Esta mañana
cuando abrí los ojos… ya no estabas. Ya no estabas cogiéndome de la mano para
no dejarme ir. No estabas tocándome el pelo, dejándomelo alocado. No estaba tu
olor en la almohada. Ni el sonido de tu respiración fuerte. Ni los besos de
cada mañana. Ni esos “deja que siga sonando” refiriéndote a nuestro
despertador. Ya no estaba tu ropa tirada en el suelo junto a la mía. Ya las
sábanas no cubrían dos cuerpos enamorados. Ya solo uno.
Ya me asomo a
nuestro espejo. Ese mismo en el que te gustaba nuestra imagen. Ya solo estoy
yo. ¿Dónde estás?
Ya no están
tus notas de cada mañana “he salido no tardo” esas notas en las que mentías, porque siempre tardabas. Te distraías
con el periódico, te apetecía comprar el desayuno, te gustaba hacerme esperar.
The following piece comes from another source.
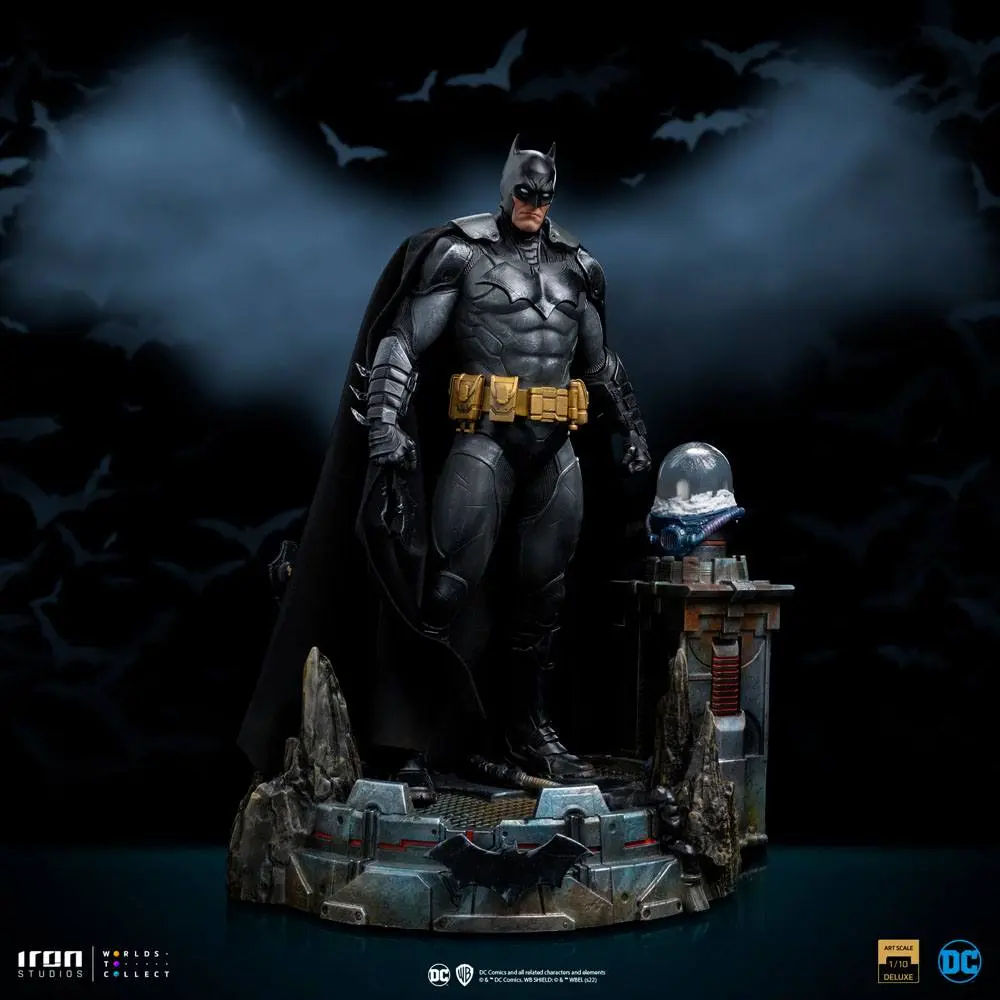 DC Comics Art Scale 1/10 Batman Unleashed Deluxe szobor figura 24 cm termékfotó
O
tan solo me despertaba temprano y ansiaba verte.
Pasan las
horas, los días, semanas que se hacen meses. Llega el año. Y sigues sin estar.
Sigo yendo a
esos lugares, esos en los que nos soltábamos “Te quiero” cada dos por tres. Esos
lugares en los que nadie, absolutamente nadie nos veía.
Se perdió
todo. Nuestros planes de futuro. Los hijos que queríamos tener, sus nombres,
donde queríamos vivir, como me despertarías cada mañana. No teníamos ni la
cuarta parte de nuestro futuro planeado y ya éramos felices. Felices con tan
solo pensar en un “siempre” entre nosotros.
Absolutamente
todo se perdió desde aquél día… desde aquél accidente. Todo cambió.